コレクション:
手のひらサイズの衣裳着雛人形の先駆者。伝統工芸士 山田華悦
昭和46年千葉生まれ。本名"山田吉徳"。18歳の頃より人形師である母"初代山田華悦"のもと人形製作を始め、平成11年より本格的に独自の雛人形制作を開始。環境にも恵まれ順風満帆に人形師の道をスタートしたかのように思われますが、幼少の頃は人形作りの手伝いが嫌いだったそう。
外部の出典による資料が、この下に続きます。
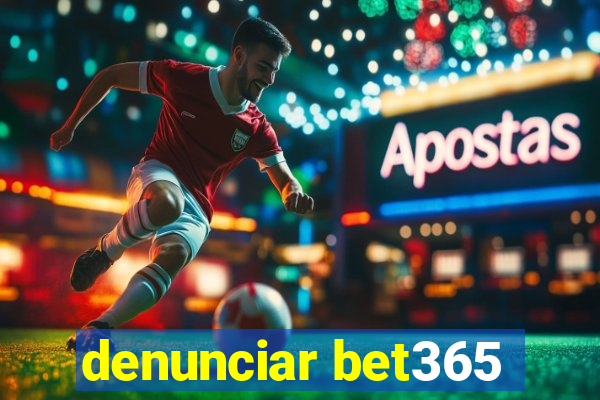 denunciar bet365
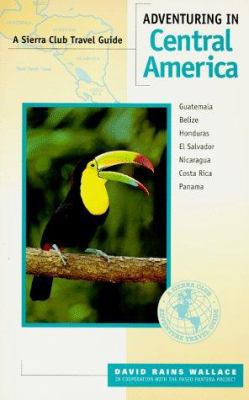 Adventuring in Central America: Guatemala, Beli... 0871564734 Book Cover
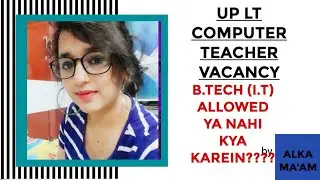 UP LT GRADE NEW VACANCY 2025|ASSISTANT TEACHER COMPUTER SCIENCE|B.TECH I.T ALLOWED OR NOT?|AL DETAIL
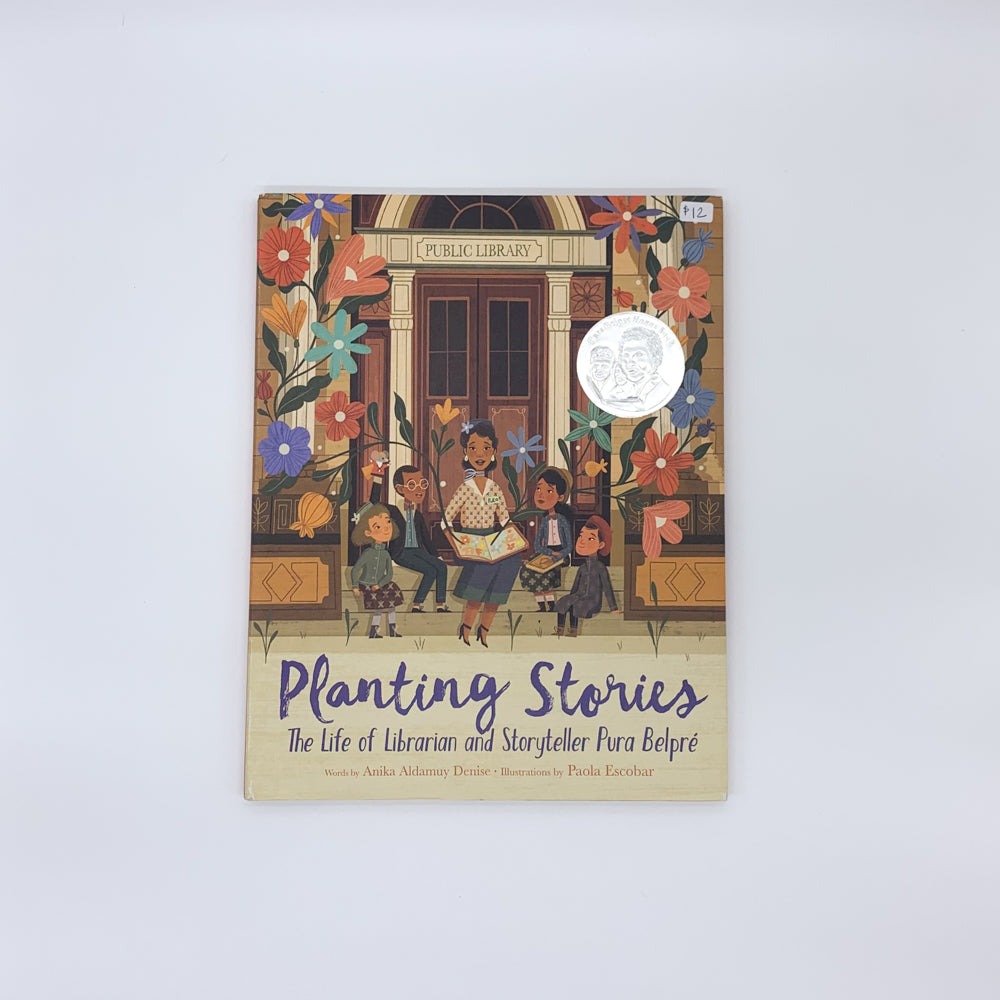 Planting Stories: The Life of Librarian and Storyteller Pura Belpré - Anika A. Denise & Paola Escobar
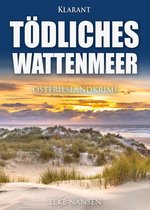 Faber und Waatstedt ermitteln 9 - Tödliches Wattenmeer. Ostfrieslandkrimi
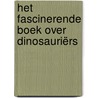 Het fascinerende boek over dinosauriërs by Unknown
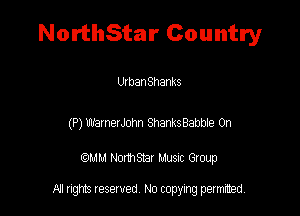 NorthStar Country

U1 ban Shanks

(P) walnerJom ShanksBabbee 0n

QM! Normsar Musuc Group

All rights reserved No copying permitted,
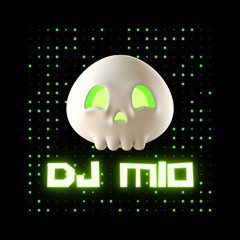 DJ MIO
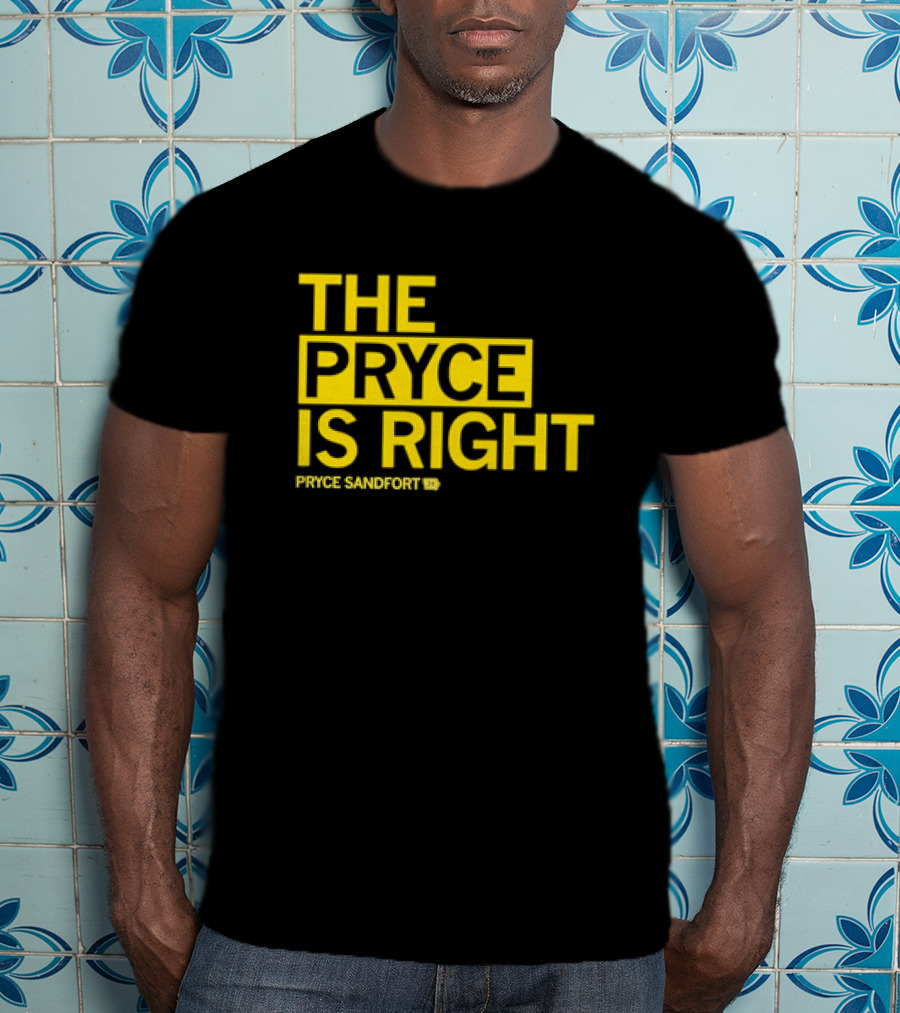 The Pryce Is Right Pryce Sandfort T-Shirt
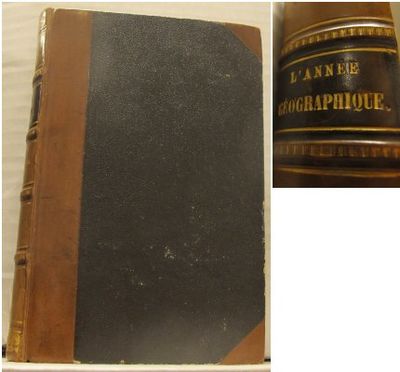 L´année géographique 1867. Revue annuelle.…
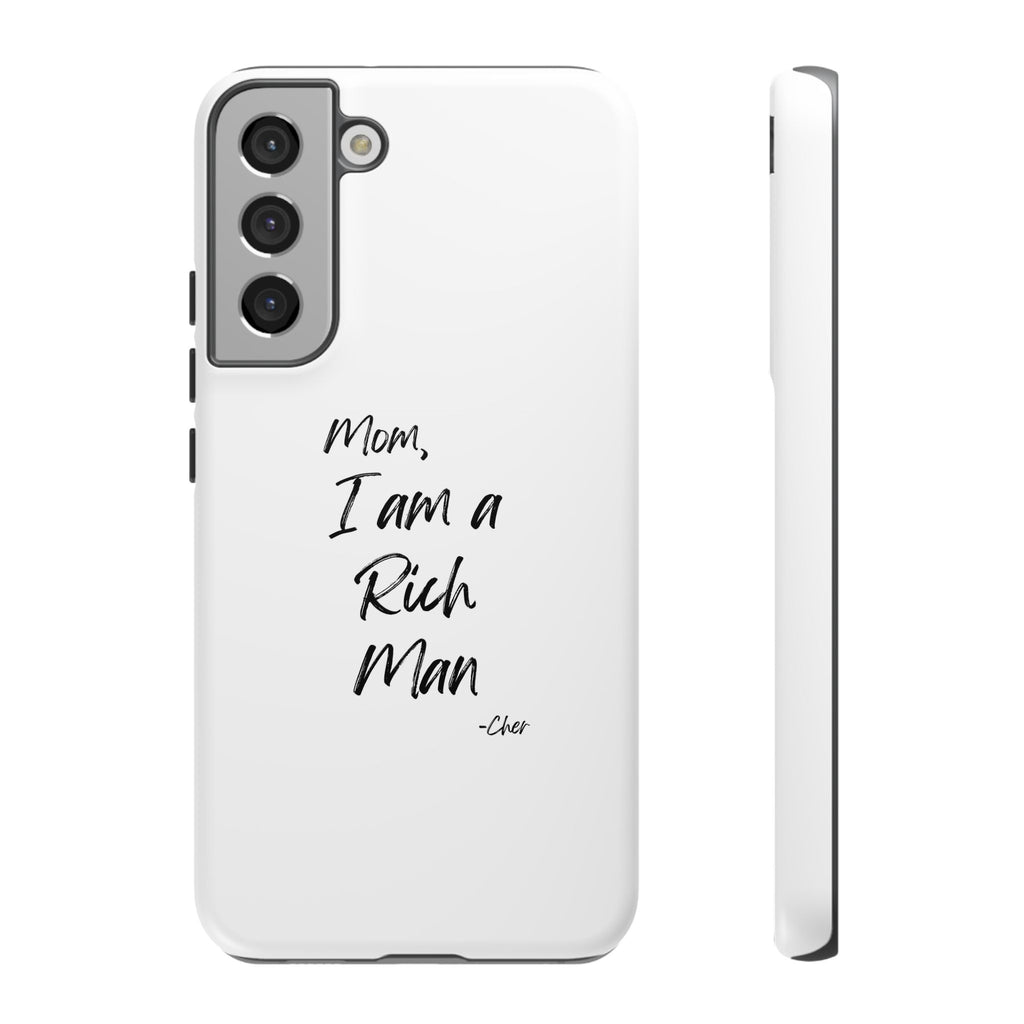 I Am a Rich Man Phone Case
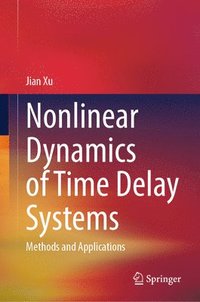 bokomslag Nonlinear Dynamics of Time Delay Systems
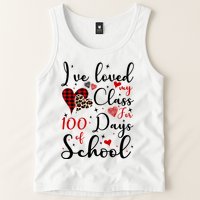 I've Loved My Class For 100 Days Of School Valentine Hearts Tank Top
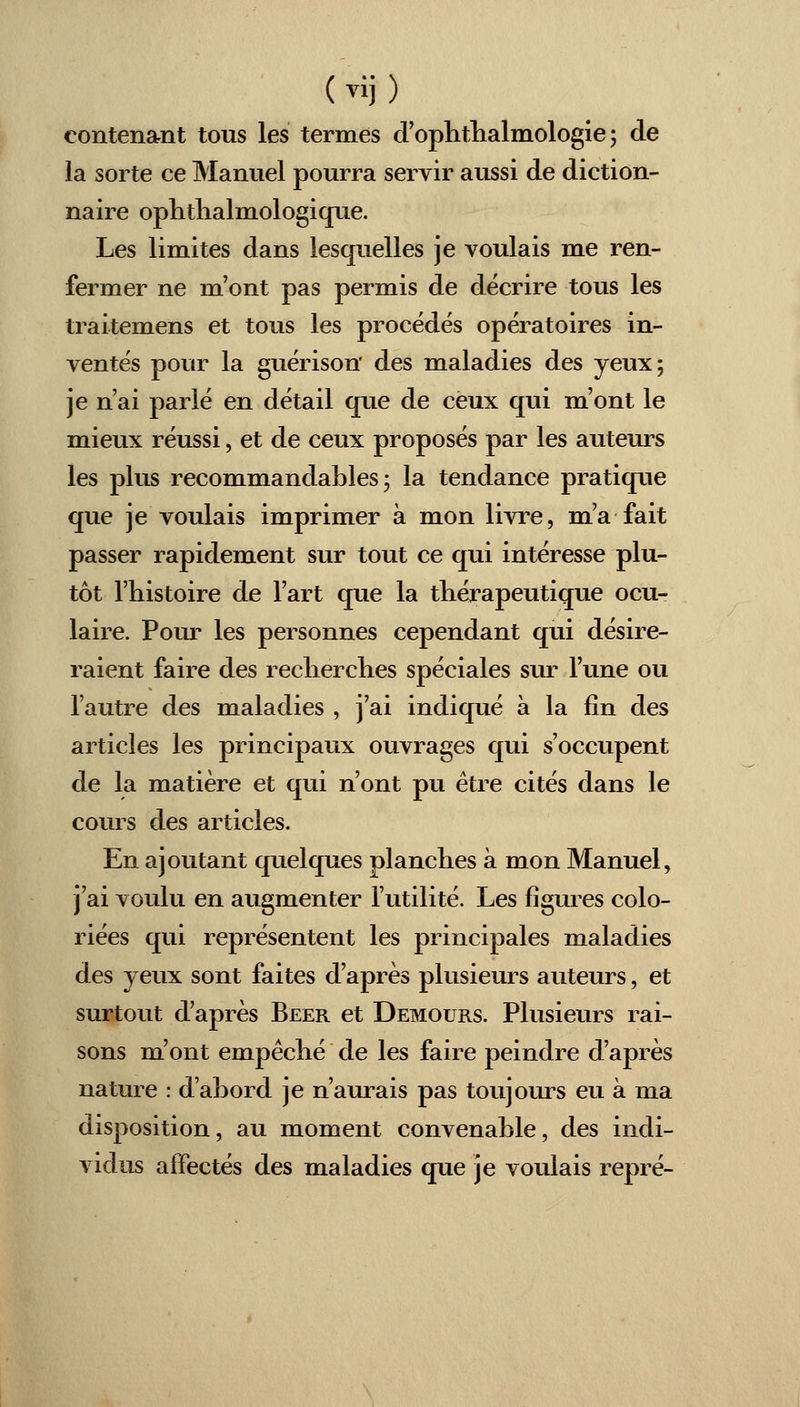 contenant tous les termes d'ophthalmologie ; de la sorte ce Manuel pourra servir aussi de diction- naire ophthalmologique. Les limites dans lesquelles je voulais me ren- fermer ne m'ont pas permis de décrire tous les traitemens et tous les procédés opératoires in- ventés pour la guérison des maladies des yeux; je n'ai parlé en détail que de ceux qui m'ont le mieux réussi, et de ceux proposés par les auteurs les plus recommandables ; la tendance pratique que je voulais imprimer à mon livre, m'a fait passer rapidement sur tout ce qui intéresse plu- tôt l'histoire de l'art que la thérapeutique ocu- laire. Pour les personnes cependant qui désire- raient faire des recherches spéciales sur l'une ou l'autre des maladies , j'ai indiqué à la fin des articles les principaux ouvrages qui s'occupent de la matière et qui n'ont pu être cités dans le cours des articles. En ajoutant quelques planches à mon Manuel, j'ai voulu en augmenter l'utilité. Les figures colo- riées qui représentent les principales maladies des yeux sont faites d'après plusieurs auteurs, et surtout d'après Béer et Demours. Plusieurs rai- sons m'ont empêché de les faire peindre d'après nature : d'abord je n'aurais pas toujours eu à ma disposition, au moment convenable, des indi- vidus affectés des maladies que je voulais repré-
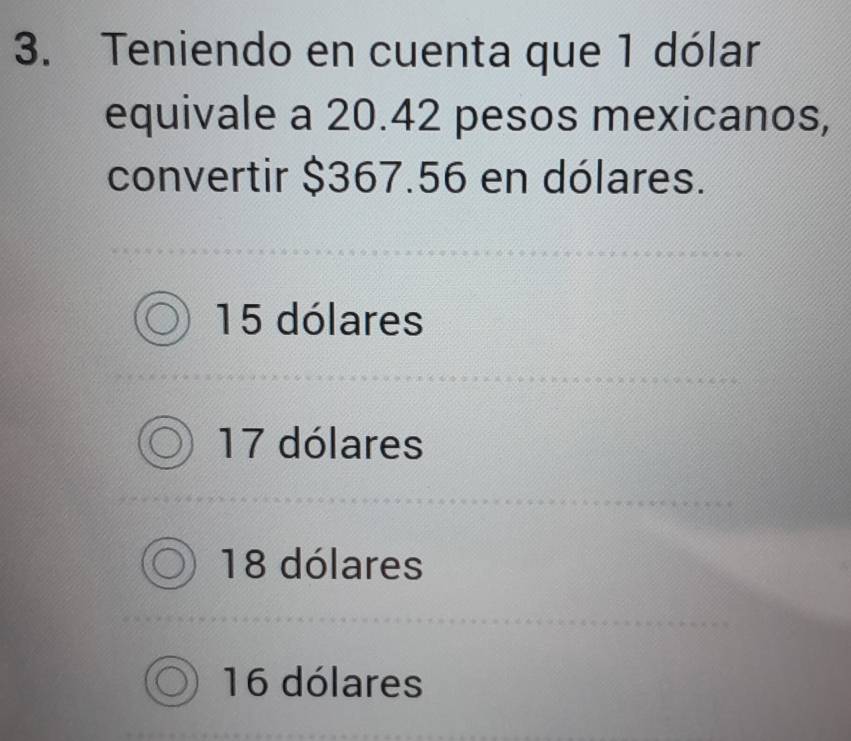 Teniendo en cuenta que 1 dólar
equivale a 20.42 pesos mexicanos,
convertir $367.56 en dólares.
15 dólares
17 dólares
18 dólares
16 dólares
大学生時代にアルバイト感覚で人形作りを始めたところ、想像したよりも効率的かつ美しい人形を完成させたという成功体験からものづくりに興味をもち、卒業後に大手人形製造兼卸会社に入社。そこでこれまで見たことのない数々の雛人形に出会い感性を触発され、自身での人形制作を本格的に決意したのだそうです。
平成24年、日本人形協会認定の節句人形工芸士に任命。翌25年には千葉県指定伝統工芸品に指定され、現在"華悦""尚好"名義の雛人形を制作。破竹の勢いをみせる人形師です。
山田さんたちの制作する雛人形は"衣裳着人形(いしょうぎにんぎょう)"とよばれ、主に胴衣装の着せ付けや手の振り付けを専門に行う"着付け師"として活躍中です。振り付け作業は人形全体の印象を決める作業でやり直しもきかないため、高い集中力が求められる重要な工程です。
現在は奥さまの尚好さんが衣装を仕立て、それを丁寧に吉徳さんが着せ付けるという夫婦二人三脚で制作を行っています。
業界最小サイズへの挑戦
都市部を中心にニーズの高まるコンパクトサイズのおひなさま。小型のお人形は"木目込人形"が最良の選択でしたが、『小さくても衣裳着のような豪華さがほしい』という要望は年々高まる傾向に…。
衣裳着ひな人形はその製作工程上、"柳(横幅18㎝前後)"サイズ以下は美しく作ることが不可能とされてきましたが、設計図を描いては人形制作、描いては制作を繰り返し、長年誰もが手がけられなかった"美しい極小サイズ"豆(横幅14㎝前後)"を数年かけて完成させました。
衣裳着人形にしてこの細やかさを可能にしたのは山田さんの技術力と忍耐力、そして職人としてのプライドに他なりません。
節句人形業界の"今"と"これから"を発信
2016年に発足した節句人形職人ユニット""縫nui"。山田さんご夫婦はこのプロジェクトでも雛人形の"着付け師"として活躍中。今後の活躍にますます注目が集まりそうです。